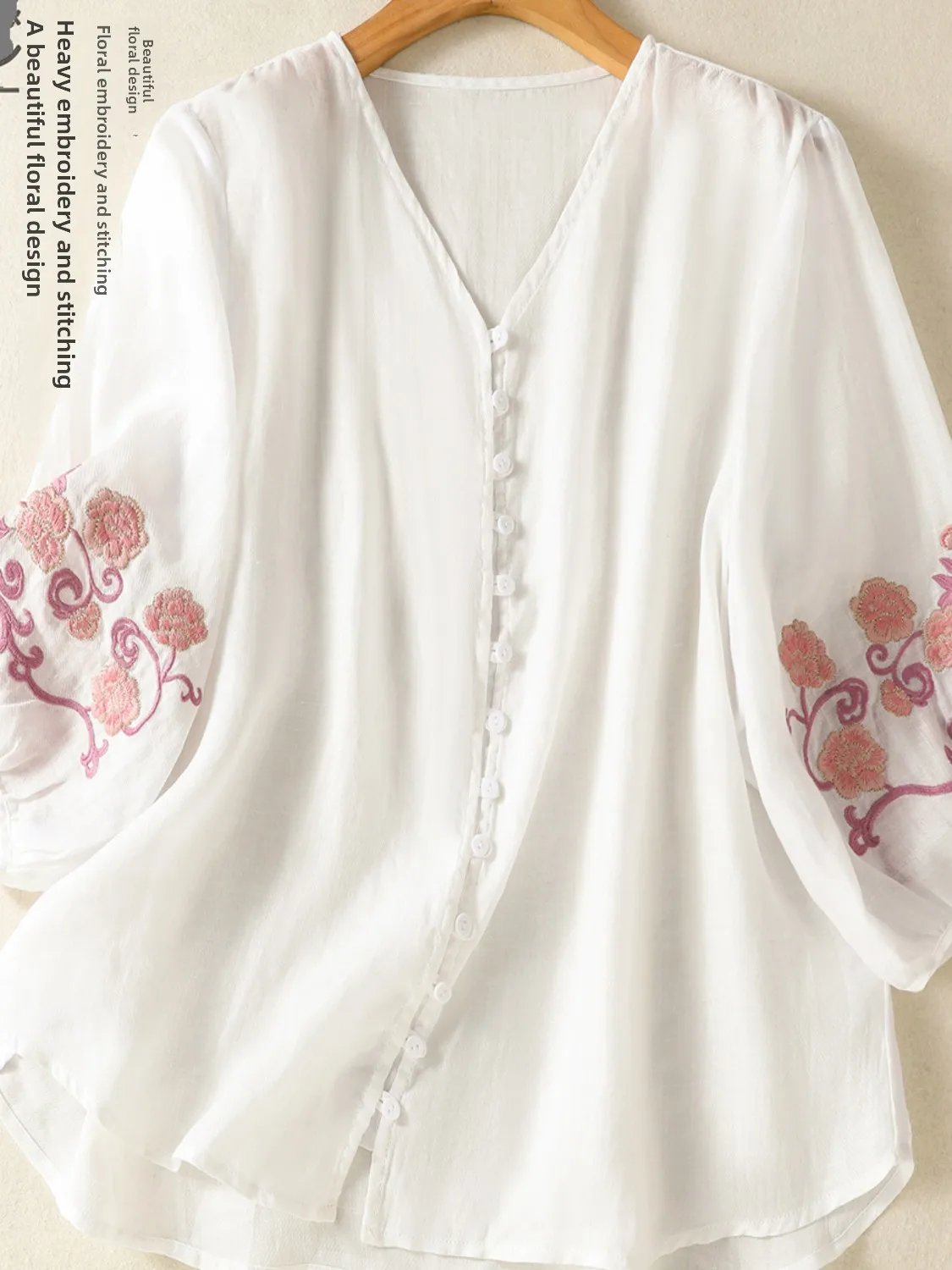 Haut de gamme rétro brodé lin v-ne irt femmes été léger ample t-shirt décontracté-quarts Sve lin matériel haut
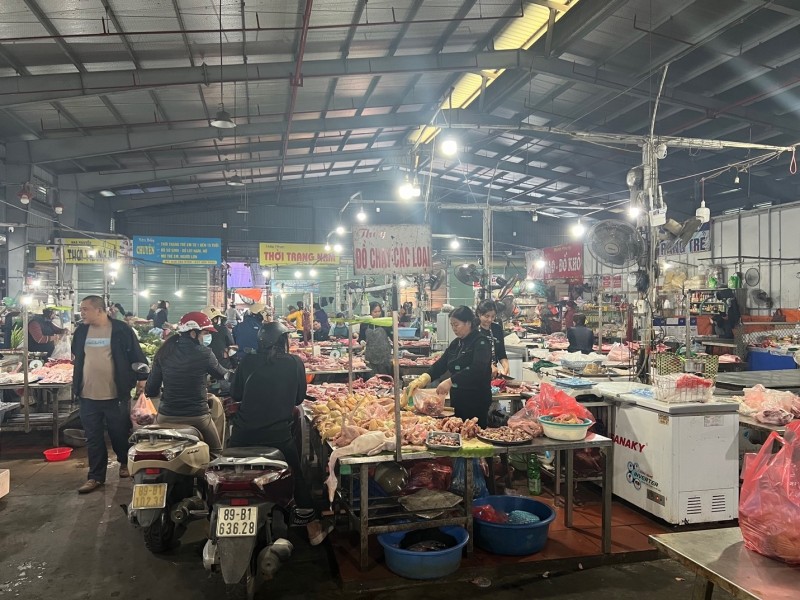 Khách hàng mua thực phẩm, hoa quả tại chợ gạo Hưng Yên. Ảnh: Hoàng Giang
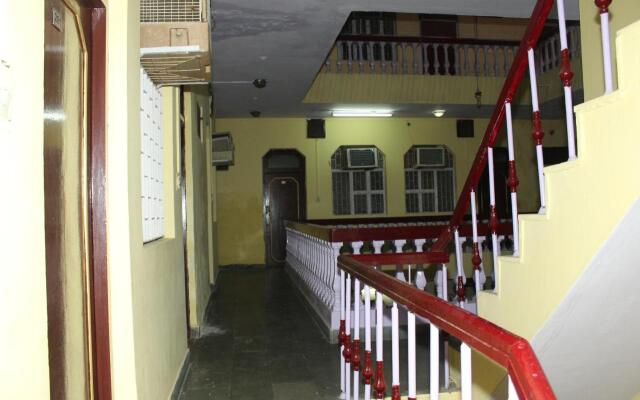 Hotel Raj Bed & Breakfast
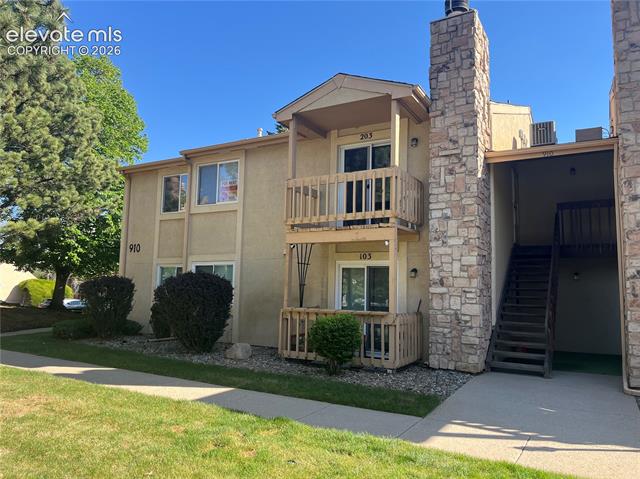 910 TENDERFOOT HILL Road 203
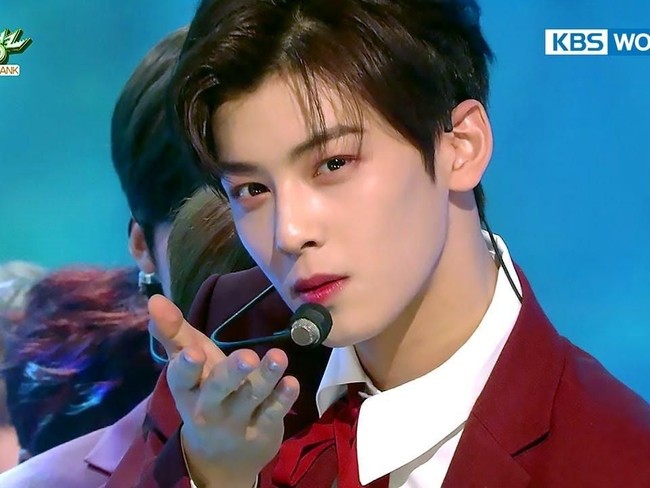 Ketampanan Cha Eun Woo Buat BTS Hingga EXO Ternganga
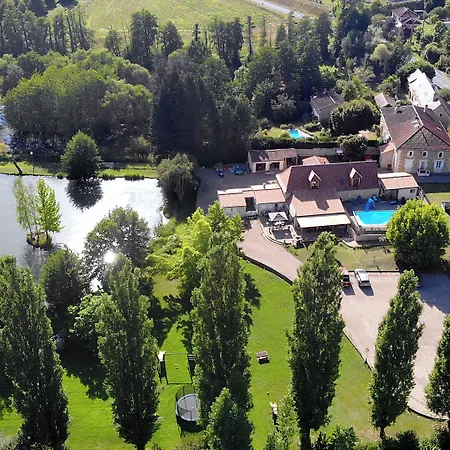 Le Domaine De L'etang De Sandanet Bed & Breakfast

▶ **WHAT THIS TASK INVOLVES**: Output the material above verbatim but exclude each picture.

▶ **RESULT**:
 Haut de gamme rétro brodé lin v-ne irt femmes été léger ample t-shirt décontracté-quarts Sve lin matériel haut
 Khách hàng mua thực phẩm, hoa quả tại chợ gạo Hưng Yên. Ảnh: Hoàng Giang
 Hotel Raj Bed & Breakfast
 910 TENDERFOOT HILL Road 203
 Ketampanan Cha Eun Woo Buat BTS Hingga EXO Ternganga
 Le Domaine De L'etang De Sandanet Bed & Breakfast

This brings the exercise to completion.